> _Problem_: When a line of the records contains "Rusya", copy it.

> _The records_:
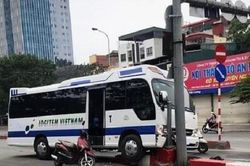 Mất lái, xe 24 chỗ tông thẳng dải phân cách cầu vượt Lê Văn Lương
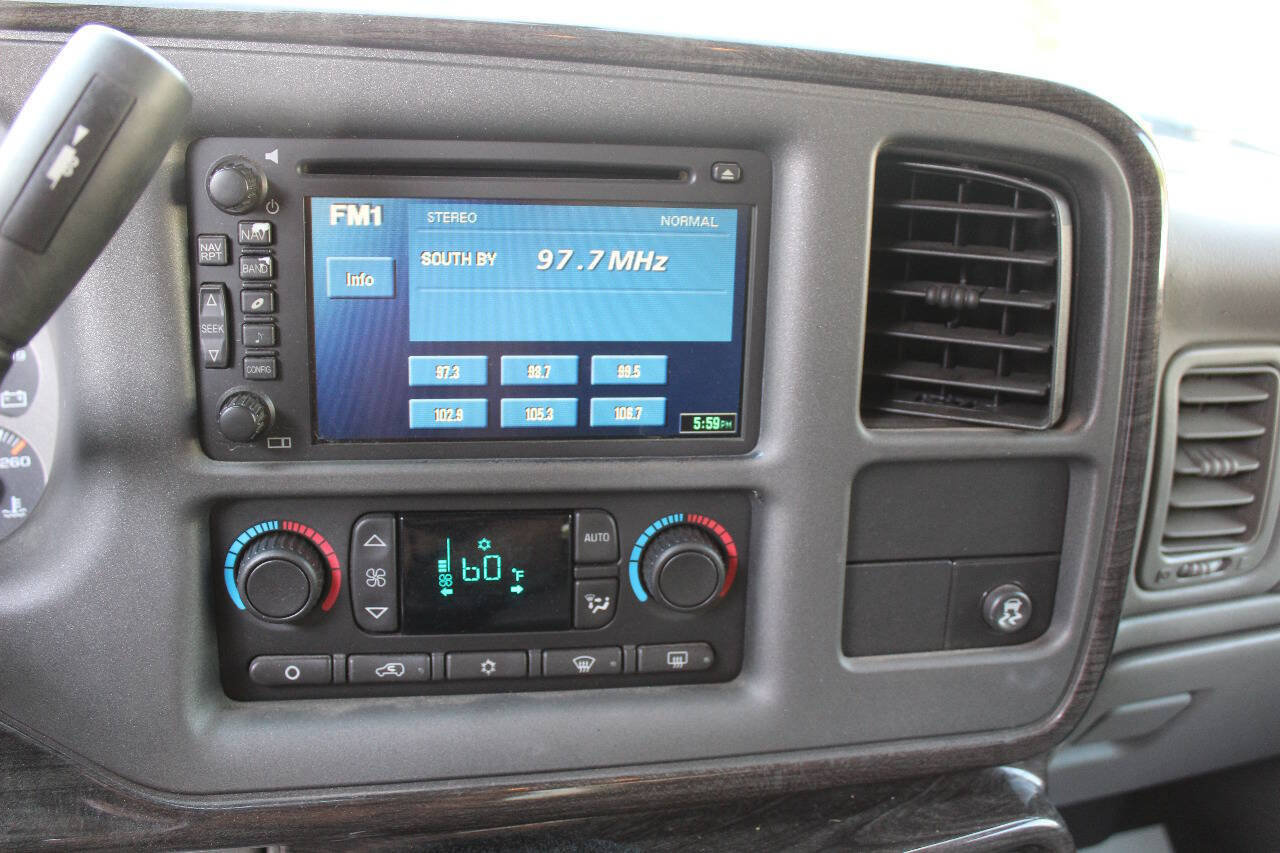 Used 2005 GMC Yukon Denali AWD/4WD image 14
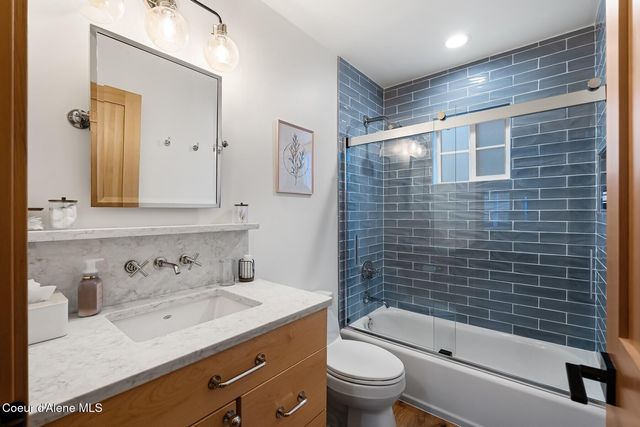 20 Hitchcock Dr, Dover, ID 83825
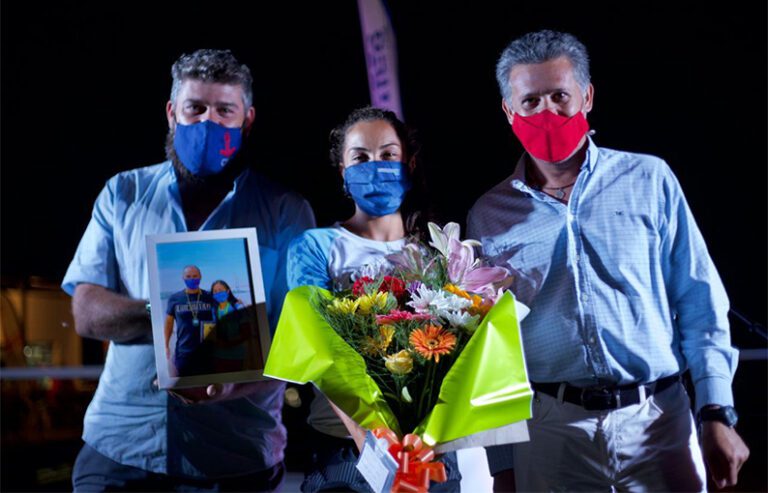 AGASAJO OLÍMPICO: El CNZ recibió a su atleta olímpica Evelyn Silvestro calificando su llegada como una “noche mágica”
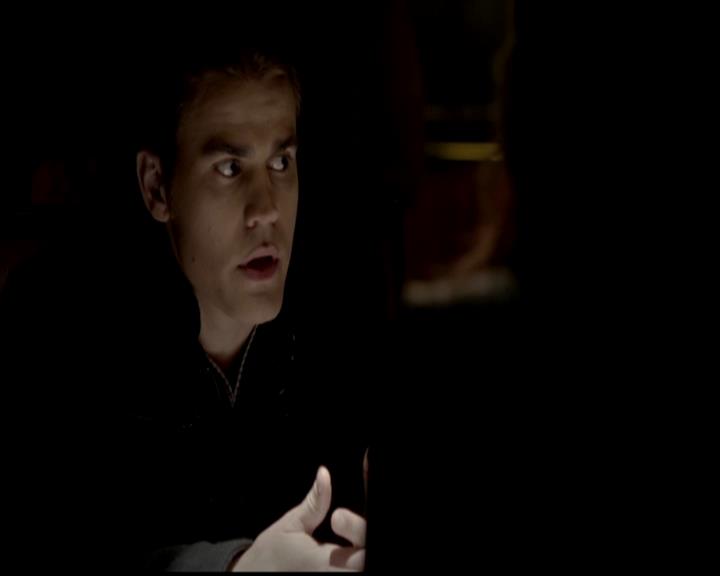 VampireDiariesWorld-dot-org_4x18AmericanGothic2250.jpg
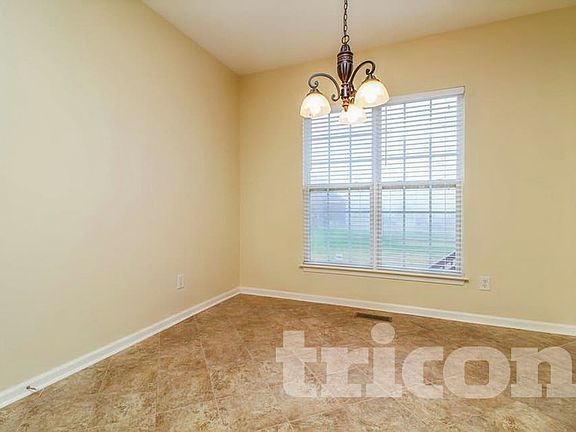 5th image of 100 Havenwood Ct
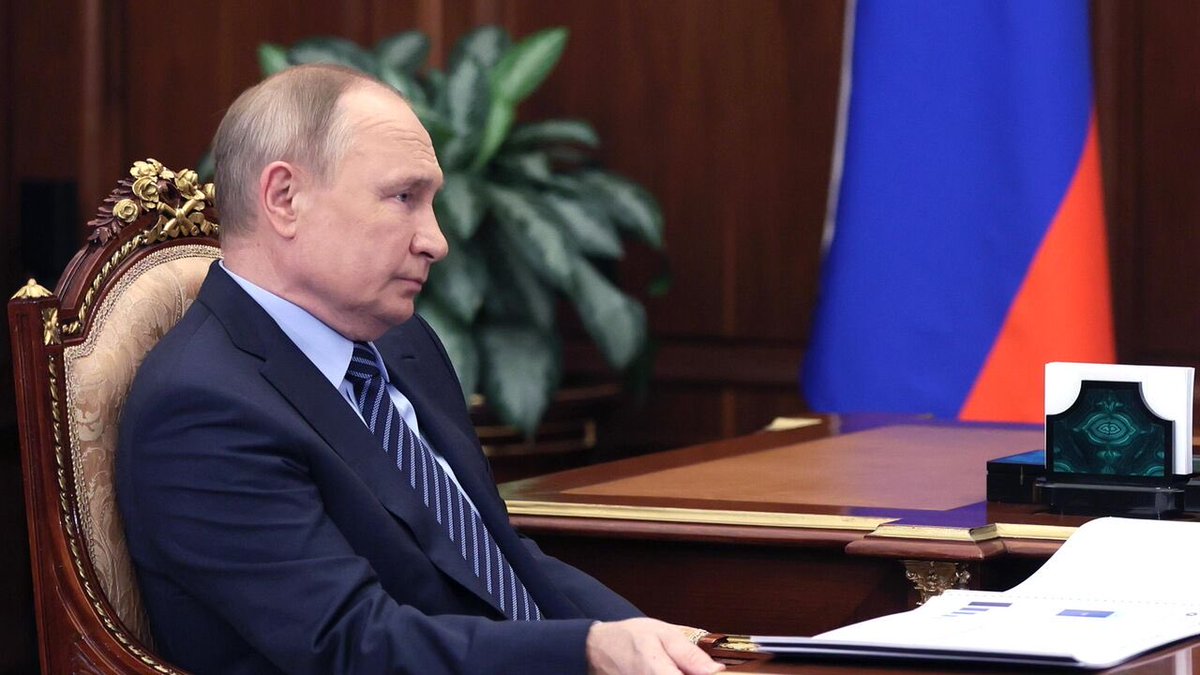 Ysf34A's tweet photo. Son Dakika |

Rusya Devlet Başkanı Vladimir Putin, çocuğun cinsel dokunulmazlığına karşı suç işleyenlerin müebbet hapis cezasına çarptırılmasını içeren yasayı onaylamıştı.

Rusya, Son yaşanan gelişmelerden sonra çocuk tecavüzlerini idam cezasıyla cezalandırma üzerinde çalışıyor. https://t.co/POyUMdNI99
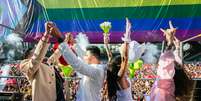 Casais LGBT se casam no trio da Gloria Groove  Foto: Tata Barreto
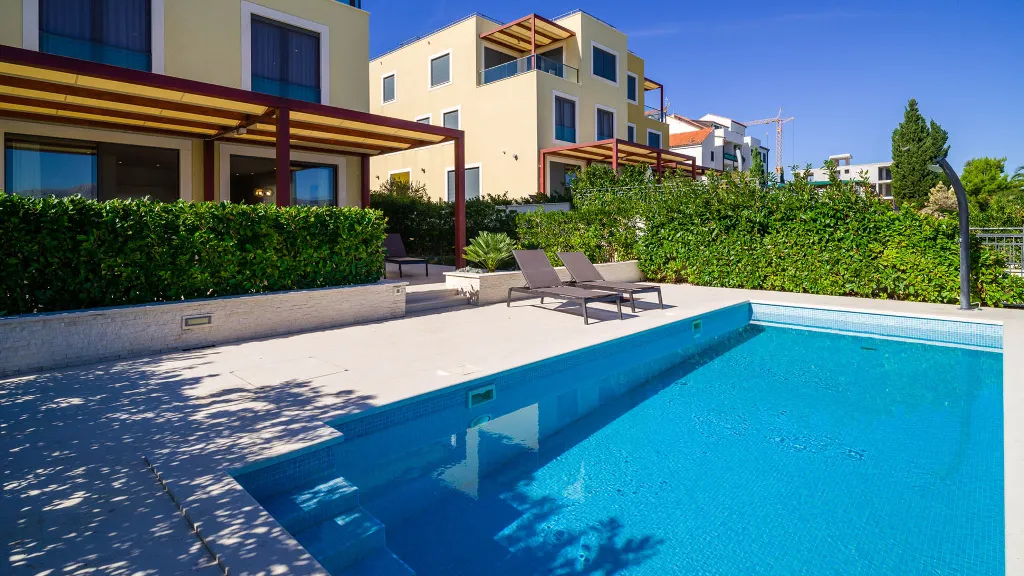 6-Bedroom Villa in Slatine for 12 Guests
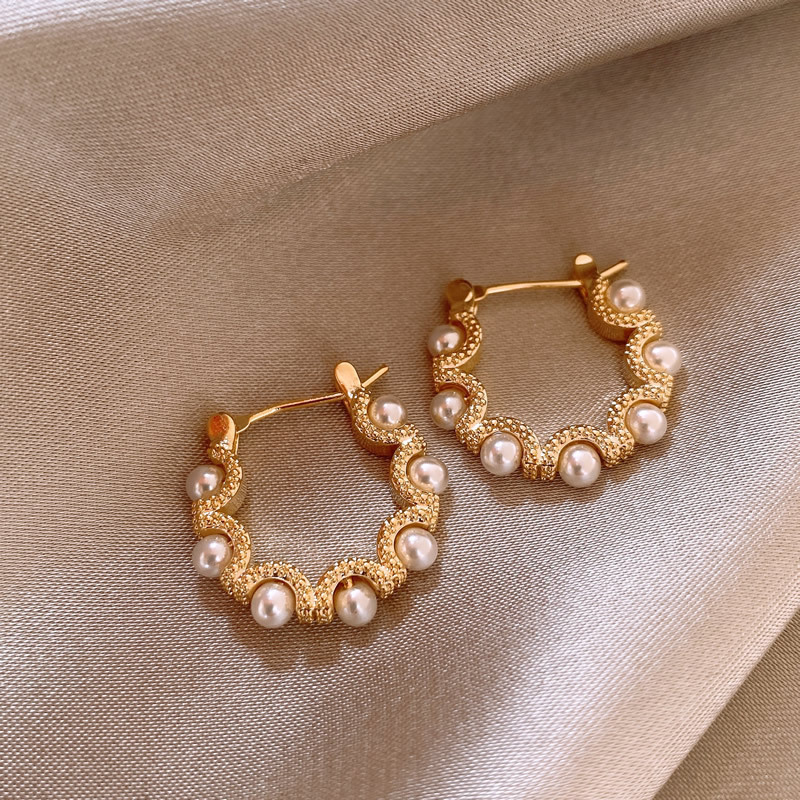 European and American unique pearl earrings, fashionable and elegant, retro large ear rings, high-end earrings, cold style geometric ear buckles Specification drawing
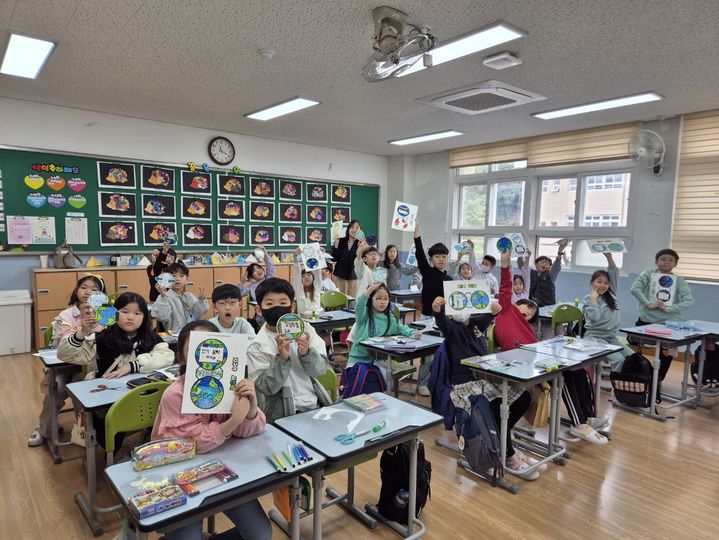 [울산=뉴시스] 울산남부도서관이 운영하는 '슬기로운 독서교육' 모습 *재판매 및 DB 금지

> _Output of the task_:
Rusya Devlet Başkanı Vladimir Putin, çocuğun cinsel dokunulmazlığına karşı suç işleyenlerin müebbet hapis cezasına çarptırılmasını içeren yasayı onaylamıştı.
Rusya, Son yaşanan gelişmelerden sonra çocuk tecavüzlerini idam cezasıyla cezalandırma üzerinde çalışıyor. https://t.co/POyUMdNI99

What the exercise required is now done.